Dans les moments difficiles que l'on traverse parfois, à l'échelle individuelle, ou à l'échelle d'une famille, d'une société, d'un pays, voire d'un continent, ce n'est pas toujours évident de prendre du recul. Sur le moment, on a le sentiment que la situation est inextricable, et que les conséquences sont lourdes, inévitables.

Une façon de souffler quelques secondes peut être de se rappeler un fait incontestable : tout finira par s'évanouir. Les problèmes, les malentendus, les colères, les injustices, les erreurs, les blessures. Tout passe. Tout fuit. Tout s'efface. Avec le temps. 

Tout doit disparaître

Les plus grandes défaites finissent par être bien peu de choses, au regard de l'Histoire. Les pires humiliations sont un jour oubliées. La vendetta la plus ancienne finit par s'éteindre, et l'on finit par cesser de vouloir venger ceux qui ne sont plus.

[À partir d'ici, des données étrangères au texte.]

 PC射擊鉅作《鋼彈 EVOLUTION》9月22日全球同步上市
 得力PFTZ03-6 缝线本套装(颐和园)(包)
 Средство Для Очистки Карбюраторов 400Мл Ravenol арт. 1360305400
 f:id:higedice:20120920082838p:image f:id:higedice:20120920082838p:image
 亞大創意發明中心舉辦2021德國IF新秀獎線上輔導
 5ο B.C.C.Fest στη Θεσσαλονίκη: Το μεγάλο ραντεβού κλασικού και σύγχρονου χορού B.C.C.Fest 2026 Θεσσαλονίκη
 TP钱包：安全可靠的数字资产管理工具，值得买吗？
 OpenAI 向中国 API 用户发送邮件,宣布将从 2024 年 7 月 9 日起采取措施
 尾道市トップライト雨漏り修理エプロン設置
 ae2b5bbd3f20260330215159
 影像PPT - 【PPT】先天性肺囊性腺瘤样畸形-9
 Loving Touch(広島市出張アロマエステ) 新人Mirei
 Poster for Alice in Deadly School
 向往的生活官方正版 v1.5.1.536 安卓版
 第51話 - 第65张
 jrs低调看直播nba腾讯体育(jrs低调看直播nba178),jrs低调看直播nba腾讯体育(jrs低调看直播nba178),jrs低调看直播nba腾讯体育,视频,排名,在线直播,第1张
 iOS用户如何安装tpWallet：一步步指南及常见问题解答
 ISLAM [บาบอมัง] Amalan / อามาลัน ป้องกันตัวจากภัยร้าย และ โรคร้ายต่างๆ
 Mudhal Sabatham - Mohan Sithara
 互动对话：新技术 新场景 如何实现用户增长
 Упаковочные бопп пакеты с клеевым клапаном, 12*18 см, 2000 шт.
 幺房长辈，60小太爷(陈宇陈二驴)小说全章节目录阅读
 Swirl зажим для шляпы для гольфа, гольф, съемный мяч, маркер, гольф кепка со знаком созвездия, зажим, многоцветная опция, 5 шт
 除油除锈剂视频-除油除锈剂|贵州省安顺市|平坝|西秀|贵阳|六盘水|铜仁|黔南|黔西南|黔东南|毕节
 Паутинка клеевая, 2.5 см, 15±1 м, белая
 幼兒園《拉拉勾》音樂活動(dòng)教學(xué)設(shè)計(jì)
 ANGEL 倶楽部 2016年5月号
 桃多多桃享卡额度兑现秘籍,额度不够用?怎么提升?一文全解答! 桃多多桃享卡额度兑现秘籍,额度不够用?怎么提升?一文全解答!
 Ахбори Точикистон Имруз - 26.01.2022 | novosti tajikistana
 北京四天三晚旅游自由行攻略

De même, les plus grandes gloires finissent par être insignifiantes. Aux Grands hommes, la patrie reconnaissante, certes. Mais on finit par oublier qui sont ces Grands hommes. Ce n'est pas moi qui le dit, c'est Tchekhov.
"Oui. On nous oubliera. C'est la vie, rien à faire. Ce qui aujourd'hui nous paraît important, grave, lourd de conséquences, eh bien, il viendra un moment où cela sera oublié, où cela n'aura plus d'importance".
À l'époque antique, le Sénat romain prévoyait une peine cruelle à l'encontre d'un personnage public. 

Damnatio Memoriae

Baptisée "Damnatio Memoriae", elle consistait en l'annulation de ses honneurs, l'effacement de son nom des monuments publics ou encore le renversement de ses statues. 
La peine ultime : cher Monsieur, pour votre crime, on vous oubliera

Or, il est normal de vouloir qu'on se souvienne de nous. A fortiori quand on fait de la politique. On voudrait que notre passage sur cette Terre, à défaut d'avoir un sens, ait servi à quelque chose. Qu'on ait réussi à transmettre, à convaincre, à faire progresser le monde.

Et pourtant, comme le dit Annie Ernaux dans Les années, "toutes les images disparaîtront".
"Et l'on sera un jour dans le souvenir de nos enfants au milieu de petits-enfants et de gens qui ne sont pas encore nés.S'annuleront subitement les milliers de mots qui ont servi à nommer les choses, les visages des gens, les actes et les sentiments, ordonné le monde, fait battre le cœur et mouiller le sexe. (…) Tout s'effacera en une seconde. (…) Ce sera le silence et aucun mot pour le dire. De la bouche ouverte il ne sortira rien. Ni je ni moi. (…) Dans les conversations autour d'une table de fête on ne sera qu'un prénom, de plus en plus sans visage, jusqu'à disparaître dans la masse anonyme d'une lointaine génération".
Presque rien

Ma conviction, en dépit de cette dure réalité, c'est qu'il est possible de laisser quelque chose. Quelque chose d'intangible, de minime, d'insignifiant peut-être. Mais ce presque rien aura une influence. Ce que l'on transmet à une personne peut lui permettre à son tour de le transmettre à une autre ou de le transformer pour en faire autre chose, et ainsi de suite.
"Si on peut trouver moins que rien, c'est que rien vaut déjà quelque chose". Raymond Devos Parler pour ne rien dire.
Rien ne se perd, rien ne se crée, tout se transmet, en quelque sorte.

C'est cet héritage intangible, notre héritage, qui est l'essentiel. C'est à lui qu'il faut penser, plutôt qu'à la gloire ou à la fortune. Nous disparaîtrons un jour, et de nous ne restera presque rien. Ce presque rien qui est tout. Ce presque rien qui vaut la peine de vivre pleinement, du coup.